Issue
On October 23, 2023, we encountered an outage in our Content Delivery Network (CDN) that began at 12:42 UTC and persisted until 13:57 UTC. This outage was triggered by a configuration error, resulting in all CDN edges returning 500 errors and significantly impacting the delivery of CDN resources.
Timeline
- October 23, 2023, 12:32 (UTC): A change was made to a system configuration file, which was later discovered to contain a syntax error.
- October 23, 2023, 12:42 (UTC): The changes were gradually applied, and the first occurrence of a 500 error was observed.
- October 23, 2023, 12:51 (UTC): The initial alert regarding data centre unavailability was received, initiating the investigation.
- October 23, 2023, 13:05 (UTC): The incident was published on the Status Page, and a war room was established to coordinate the resolution.
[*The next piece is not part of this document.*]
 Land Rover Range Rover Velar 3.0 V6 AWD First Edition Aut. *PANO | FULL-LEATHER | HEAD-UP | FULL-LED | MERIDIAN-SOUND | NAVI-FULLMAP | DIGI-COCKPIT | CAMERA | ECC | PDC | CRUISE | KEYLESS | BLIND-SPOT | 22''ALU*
- October 23, 2023, 13:06 (UTC): The root cause of the incident was identified.
- October 23, 2023, 13:07 (UTC): A bug fix was implemented, commencing the restoration process.
- October 23, 2023, 13:10 (UTC): 75% of the edges were successfully restored.
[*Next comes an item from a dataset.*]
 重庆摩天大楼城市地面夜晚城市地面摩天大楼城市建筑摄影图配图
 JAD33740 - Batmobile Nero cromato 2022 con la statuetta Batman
- October 23, 2023, 13:57 (UTC): The last occurrence of a 500 error was observed, marking the completion of the incident.
Root Cause
The root cause of the outage was an invalid system configuration file on the edges due to a syntax error. Furthermore, the Nginx configuration could not be loaded which led to a 500 response code. This issue was compounded by a violation of deployment policies, particularly the global change that had been committed without undergoing extensive testing.
Impact
The outage resulted in all CDN edges returning 500 response codes, affecting the majority of CDN resources for a duration of 28 minutes. After the fix was introduced, 25% of the edges continued to return 500 response codes for an additional 45 minutes.
Action Items
- Reinforce the merging policy: Prohibit the merging of changes to the master branch without the approval of the lead engineer. This action item has already been implemented.
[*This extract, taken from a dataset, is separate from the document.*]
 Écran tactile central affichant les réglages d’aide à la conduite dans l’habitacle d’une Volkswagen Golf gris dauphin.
- Strengthen the merging policy: Modify the configuration management tool merge flow so that all changes must pass through a pre-production environment and canary branches before reaching production.
- Enhance validation for the system configuration file to identify configuration errors before they impact the production environment.
- Rebuild the system configuration file reading and caching process to return the last working version when errors occur.
Finally, we want to apologize for the impact this event caused you. We know how critical these services are to you, your customers and your business. We will do everything we can to learn from this event and use it to improve our availability further.